A quasi novant’anni anni, Woody Allen pubblica il suo primo romanzo. Centonovantadue pagine. “Che succede a Baum?”, per La Nave di Teseo, tradotto da Alberto Pezzotta. Viene da chiedersi perché così tardi. La risposta, forse, sta nel libro stesso.
Asher Baum è uno scrittore ebreo di mezza età. Ex giornalista, poi romanziere, poi drammaturgo. Nessuno lo prende sul serio. L’editore lo ha mollato. I libri filosofici che scrive ricevono recensioni tiepide. Il terzo matrimonio va a pezzi. Sospetta che la moglie, laureata ad Harvard, abbia una storia col fratello. O col vicino. È geloso del figlio di lei, uno scrittore più affermato. Durante un’intervista ha provato a baciare una giovane giornalista. Lei sta per renderlo pubblico. Baum ha iniziato a parlare da solo per strada. La gente lo evita.
Se questa storia ti sembra familiare, è perché lo è. Alexandra Jacobs sul New York Times ha scritto che leggere questo romanzo è come passeggiare a Washington Square Park e pestare una cacca di cane. Baum è identico a tutti i personaggi che Allen ha messo in scena in cinquant’anni. Newyorkese, nevrotico, ossessionato dalla morte e dal fallimento. Il problema è che funziona lo stesso.
Allen dice di aver scelto il romanzo perché voleva che Baum parlasse da solo ad alta voce. Al cinema sarebbe stato complicato. E in effetti i dialoghi interiori di Baum, declamati per strada come un Amleto ebreo smarrito a Manhattan, sono la parte migliore del libro. Woody Allen sa scrivere. Sa far ridere. Sa essere feroce. E questo romanzo lo dimostra.
C’è ironia tagliente quando descrive il mondo dell’editoria. Editori che vogliono più sentimentalismo e meno riflessione. Una cultura che preferisce le emozioni facili al pensiero profondo. Qui Allen colpisce nel segno. Ma c’è anche la sottotrama dello scandalo. Baum viene “cancellato” dopo l’episodio con la giornalista. Allen lo tratta con autoironia, ma anche con una difesa nascosta. E capisci che sta parlando di sé. È questo che rende il libro interessante.
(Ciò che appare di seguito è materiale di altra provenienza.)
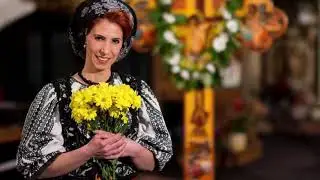 Ionela Moruțan - Duminica la Florii - PRICEASNĂ
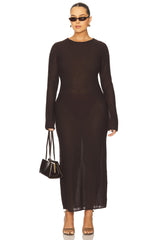 by Marianna Delmer Midi Dress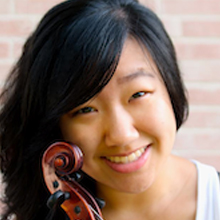 Megan Wei Photo Megan Wei Photo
È un’autobiografia mascherata.
La critica europea è stata più indulgente di quella americana. Il Telegraph lo ha definito “un film di Woody Allen da leggere”. E in effetti il ritmo è quello. I dialoghi sono serrati, brillanti. Le scene si susseguono come sequenze cinematografiche. Ma manca l’introspezione che solo un romanzo può dare. Allen parla, declama, non entra mai davvero nella testa di Baum.
Il New York Times conclude dicendo che Allen merita sempre. Anche messo all’angolo, riesce a tirare fuori “un pezzo di prosa autunnale” come altri giocherebbero a pickleball. È un complimento ambiguo. Significa: è bravo, ma questo non basta.
Eppure il libro vale la pena. Non per la novità – qui non c’è niente di nuovo. Ma per la capacità di Allen di restare fedele a se stesso, senza scuse, senza concessioni continuando a parlare della stessa New York, delle stesse nevrosi, degli stessi intellettuali paralizzati dall’ansia. E lo fa con la stessa lucidità feroce di sempre. È questo il peso di essere Woody Allen. E forse anche la sua unica libertà.